The full squat, with the top of the thigh below parallel with the floor, is a key exercise for improving sports performance. But what if you don’t like full squats?
Then you have 4 options. They are: 4a. become someone who embraces full squats, 4b. go to the Big House of Mirrors and have a good long hard look at yourself, 4c. Invite Carson and QE blokes over for a make-over or 4d. glue your toilet seat down.
Full squats are not the be all and end all of lower body training. Full squats, be they back, front, overhead, box etc are just one portion of one group of lower body exercises choices ~ but they are important.

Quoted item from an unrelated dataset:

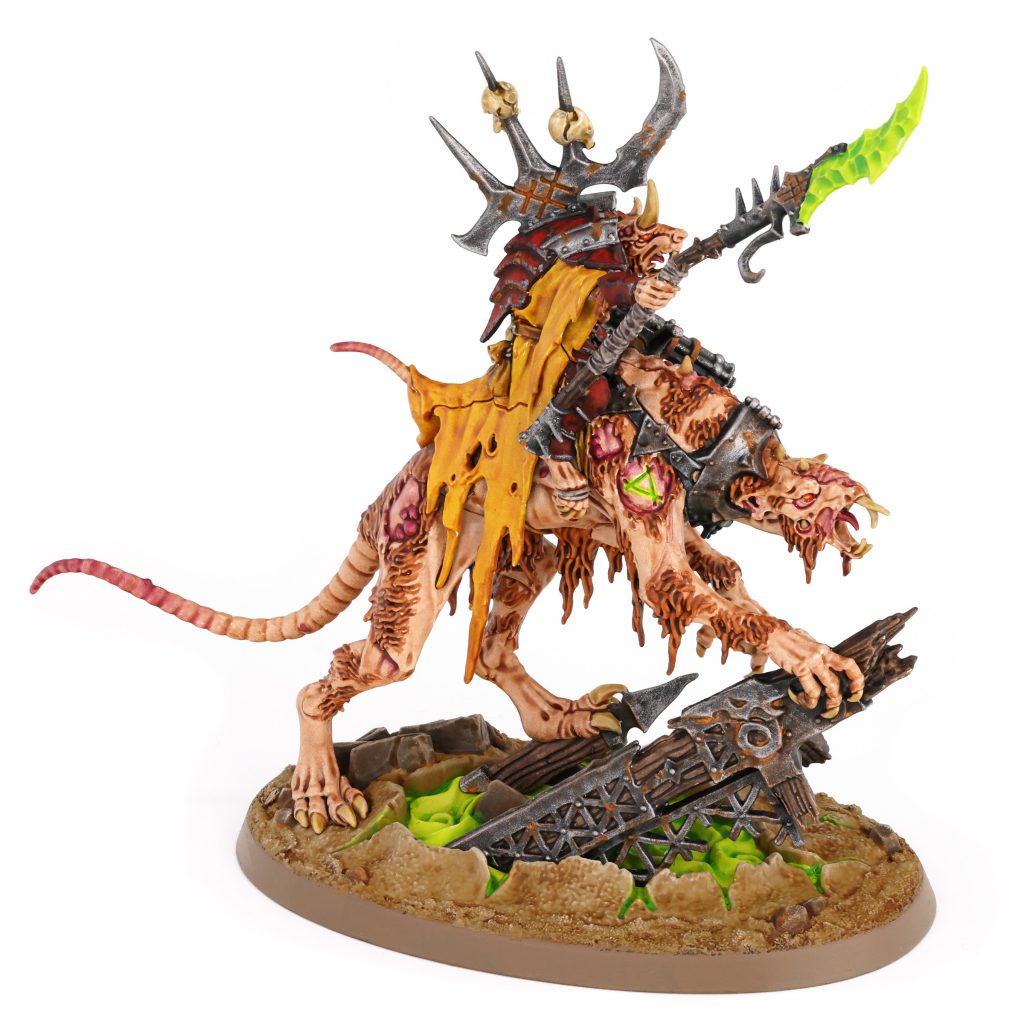 Skaven Clawlord on Gnaw-Beast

Lower body training exercises can be categorized into 3 groups – 3a; the Squatting group (Back, front, overhead, box etc), the Pulling group (Deadlifts, Romanian deads, stiff legged, reverse hypers etc) and the Split leg group (Split squats, lunges, step-ups, 1-leg squats). (For power training, eg. 3a. band box squats & jump squats, 3b. power cleans/snatches and other olympic lifting pulls 3c. split jumps, power lunges).
In rugby league and union (and other sports), there are 2 types of trainers ~ 2a. those who embrace full squats and 2b. those who don’t do them or seek to avoid them wherever possible (“I am sore, can I do leg press instead?”).
At the Broncos, we embrace full squats as the cornerstone exercise for improving leg drive. We do not have a leg press, leg extension or leg curl machine. I tell the players what execisdes to do, what weight to lift, sets and reps, rest period, everything. If you are at the, Broncos, you are full squatting.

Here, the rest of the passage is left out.